With the decade closing in at the end of this year, renewable energy capacity is treading to hit the total global investment of USD 2.6 trillion. This quadrupled investment will boost the renewable energy capacity, excluding the large hydro projects, from 414 GW in 2009 to 1,659 GW by the end of this year.

While the investment in renewables sphere is rising, it's not rising at the pace to effectively address the climate impacts; It’s also failing to catch up with the rising energy needs of the world.

The emissions by the global electricity-sector have gone up by at least 10%. However, the rise in the global renewable energy generations, from 11.6% in 2017 to 12.9% in 2018, has helped in offsetting 2 giga tonnes of CO2.
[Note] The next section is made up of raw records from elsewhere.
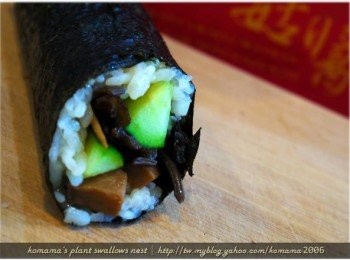 step6: 每一口都能吃到白米飯的黏Q、小黃瓜的鮮脆、黑菇醬的醬滷與海苔片的脆嫩，讓人忍不住一口接著一口細嚐！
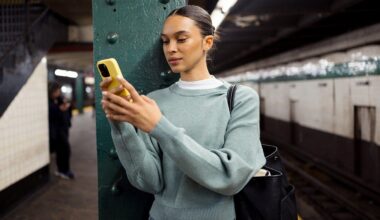 How to stop phone addiction using iPhone Screen Time or Android tools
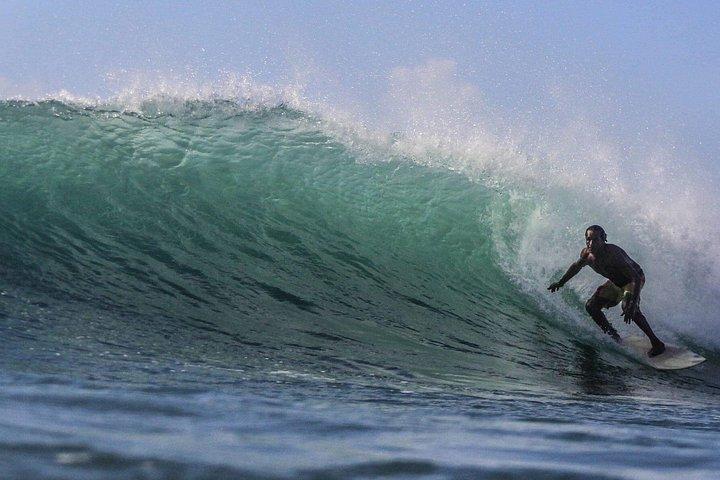 Surf Lessons in CABO with Mexico Surf Champ!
According to The Global Trends in The Renewable Energy Investment report, which is commissioned by the UN Environment Programme and supported by the German Federal Ministry for the Environment, Nature Conservation, and Nuclear Safety, solar projects have shown robust growth owing to these investments, resulting in 81% decrease in PV electricity-cost since 2009. The onshore wind recorded 46% decrease in the cost since the same period. These dramatic cost reductions are a result of economies-of-scale in manufacturing, improvements in the efficiency of the equipments and aggressive competitions due to auctions in many countries.

China is aggressive about its renewable goals, and has so far invested a whooping USD 758 billion before the end of the decade — highest in the world. U.S. invested USD 356 billion scoring a second place. Japan is third with USD 202 billion. EU invested USD 698 billion, with Germany contributing the most — USD 179 billion, followed by U.K with USD 122 billion.

The confidence in renewables sector is not resilient yet. Global investment in the sector faltered by 12%, in 2018, to USD 272.9 billion over the previous year.

India is gaining recognition, too, for its increasing investments in renewables sector. It has committed USD 80 billion this decade, with USD 11 billion in 2018 alone. However, India’s tough reliance on coal makes the offsetting of emissions excruciatingly difficult and the recent fall in GDP may not help the sector with the same robust growth anytime soon.